Monday, 27 October 2008


Bangladesh requested Sunday the Afghan authorities to make all possible efforts to secure the release of the two BRAC employees abducted in Ghazni recently, report BSS/bdnews24.com/UNB.
Foreign Adviser Dr Iftekhar Ahmed Chowdhury invited the Afghan ambassador in Dhaka to his office Sunday morning and handed over a letter addressed to Afghan Foreign Minister Dr Rangin Dadfar Spanta.
Ambassador Ahmed Karim Nawabi assured the Foreign Adviser that the Afghan authorities would provide all possible cooperation to secure the release of the two BRAC employees Md. Akhter Ali and Md. Shahjahan.
Meanwhile, an executive director of BRAC said the organisation will withdraw all its 150 Bangladeshi staff from Afghanistan in the next five years.
Akhter Ali and Mohammad Shahjahan Ali, area managers for BRAC Afghanistan, were kidnapped Thursday from the Afghan province of Ghazni, where they both had been working for the last three years.
It was the third such incident involving BRAC staff in Afghanistan in just over a year.
Abdul Alim, a BRAC official, was killed on September 12, 2007 by unidentified gunmen.
Foreign Adviser said BRAC runs 250 institutions across Afghanistan extending micro-credit to 0.2 million women and health services to five lakh women.

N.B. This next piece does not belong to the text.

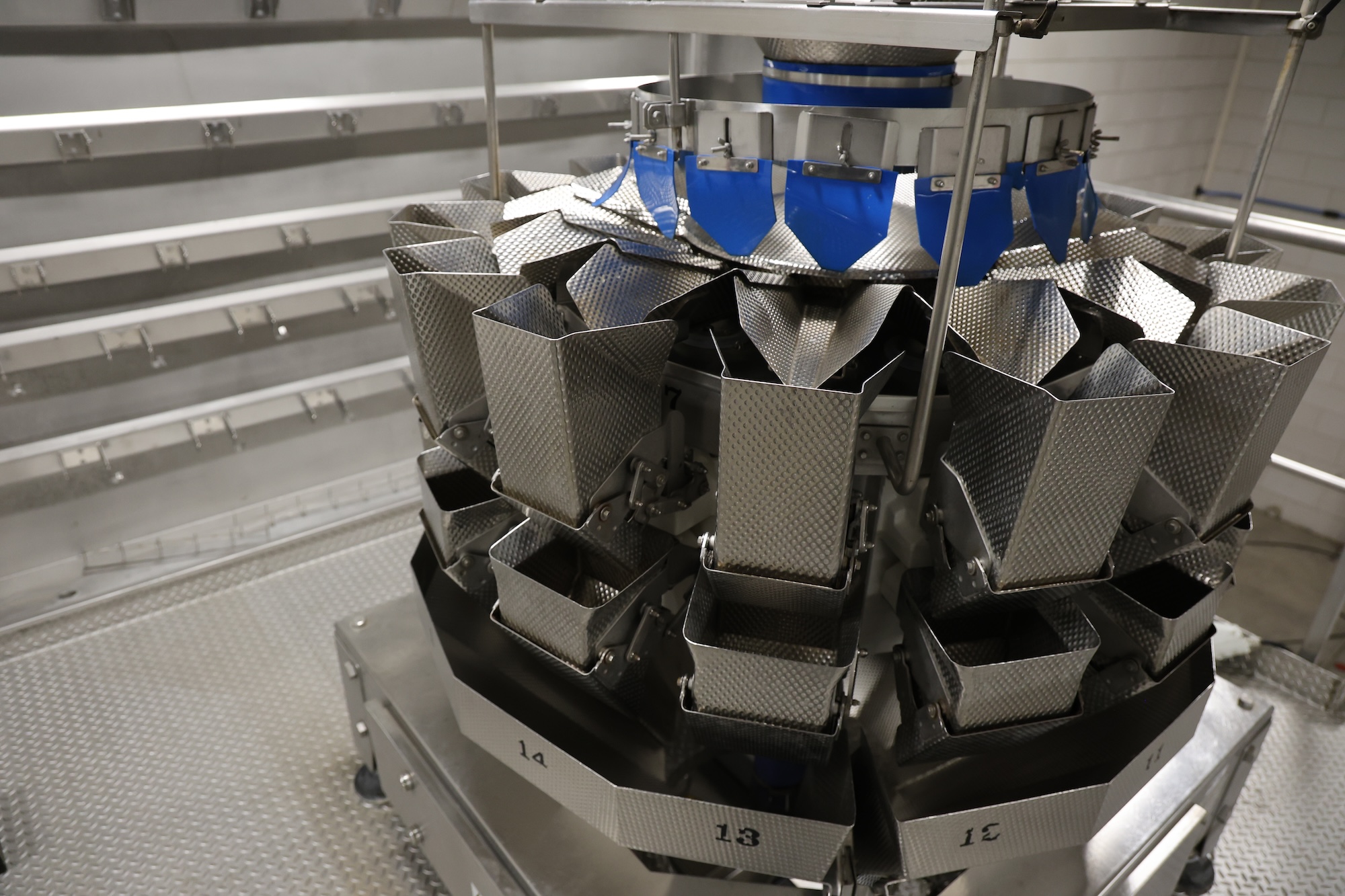 Used 2013 Multivac - Yamato Full automatic weighing and packing line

Besides, BRAC set up 4,000 schools in Afghanistan.
"I would like to urge the abductors to release these innocent officials as Bangladeshis are working in Afghanistan for welfare of the Afghan people, nothing more," the Adviser said.
Afghan Ambassador Nawabi said the Afghan authorities will make all possible efforts to rescue the Bangladeshi brothers.
BRAC official Aminul Islam said they maintain contacts with the Afghan Home Minister and the Relief and Reconstruction Minister who are trying hard to trace them out. Besides, Afghan security forces are also working to find them out.
Islam said some 4,000 Afghans and 150 Bangladeshi BRAC employees are working over there.
"There were 392 Bangladeshi BRAC staff when the [abduction of Nur Islam] took place. We then reduced the number of Bangladeshi staff to 150," Aminul Alam, BRAC's executive director (overseas programmes), said after a meeting with the foreign adviser on Sunday.
"We will withdraw all of the 150 Bangladeshi workers from Afghanistan within the next five years," Alam had told reporters earlier.